Olympia Police Officer Patrick Hutnik has been a cop for nearly a decade, but his partner is not an officer of the law. Aana Sundling is a behavioral health counselor.
The pair are part of a program in Olympia meant to reduce the number of times police officers respond to incidents when a social worker could make a bigger impact.
"Honestly sometimes jail is just not the correct place to take some of people that are dealing with things we are seeing out here," said Hutnik.
The teams mostly work on foot. Hutnik said that can help him and counselors build trust with those who need help. He said just a few years ago, police responding to a stranger’s rough morning could have ended with a trip to jail. Except under this program, he said he can take time to listen and understand those facing crises in Downtown Olympia.

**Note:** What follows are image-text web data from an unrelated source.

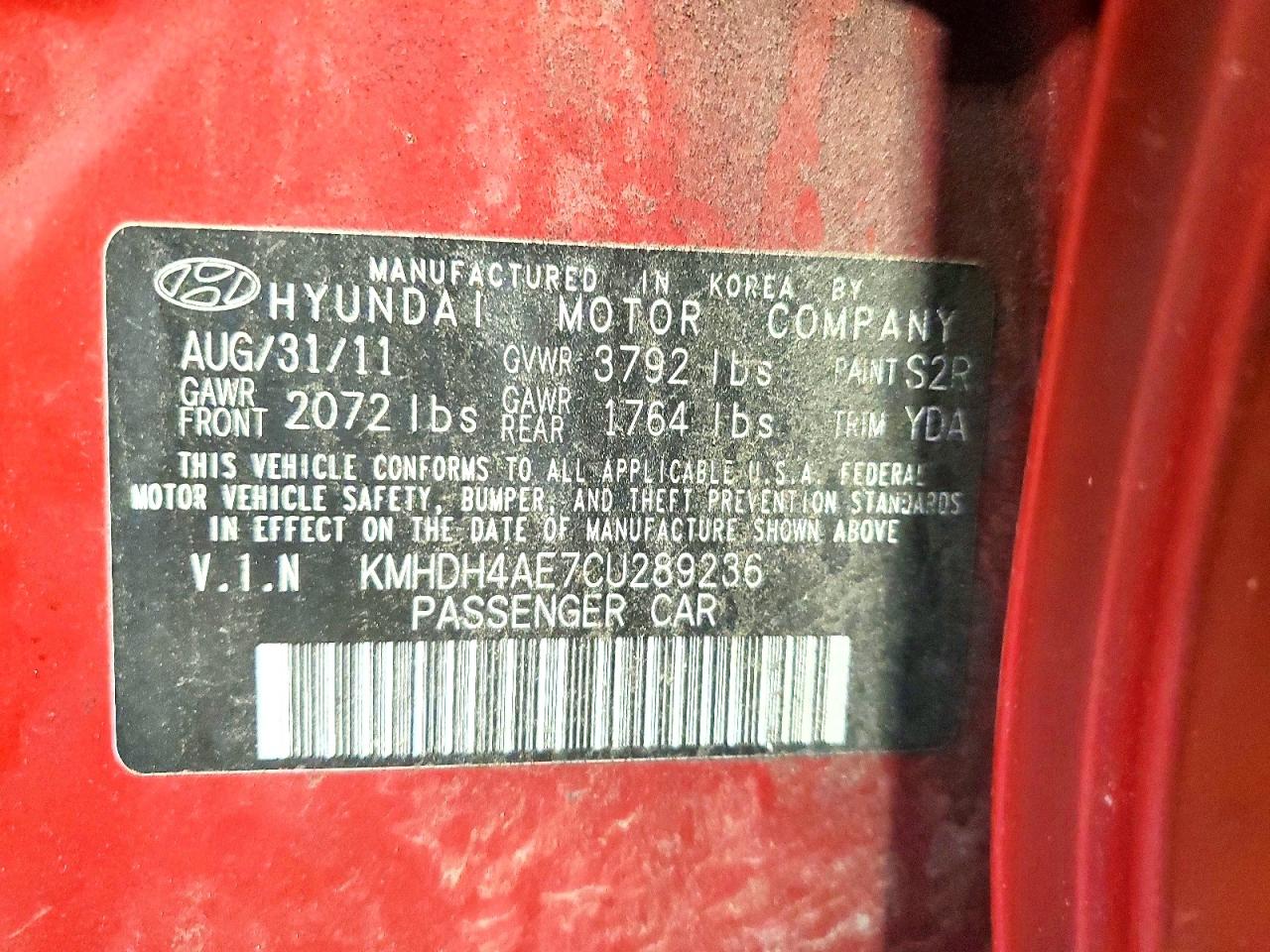 2012 HYUNDAI ELANTRA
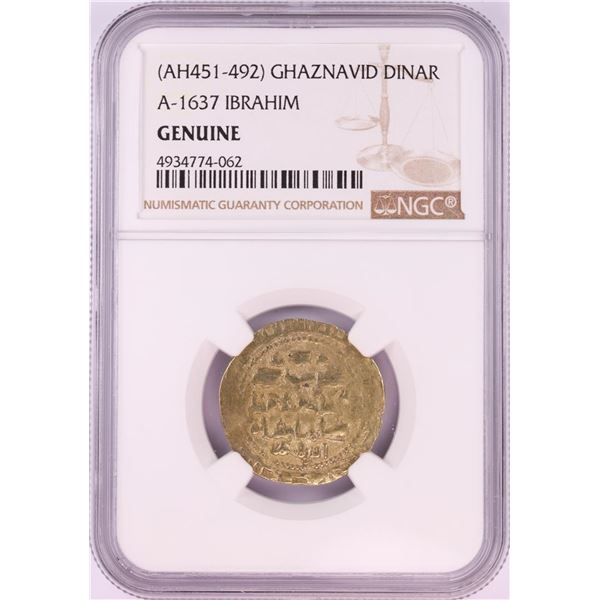 AH451-492 Ghaznavid Dinar A-1637 Ibrahim Gold Coin NGC Genuine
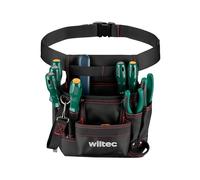 Wiltec Ceinture porte-outils, 24 x 28 cm - Capacité de 15 kg - Ceinture de chantier à sangle ajustable et 7 poches - Pour Jardinage, chantier, électriciens, plombiers, etc.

"We can sit down and have a talk and figure out what’s going on," he said.
"Sometimes it’s housing," said Sundling. "Sometimes it’s that they got discharged and they don’t have their meds."
From April through June 2020, 500 people were contacted through the program. Since the beginning of this year, nearly 2,400 people were reached by outreach workers. Sundling said that shows help is needed and accessible without first having to meet with a police officer first.
"I see some positive outcomes and I see people get help when they really need it," she said.
The 2021 budget for the program is adding another $250,000. The city is in the process of hiring a nurse to join the team for 40 hours each week and expanding the response team. Two more part-time positions could be added for Thursday, Friday, and Saturday nights.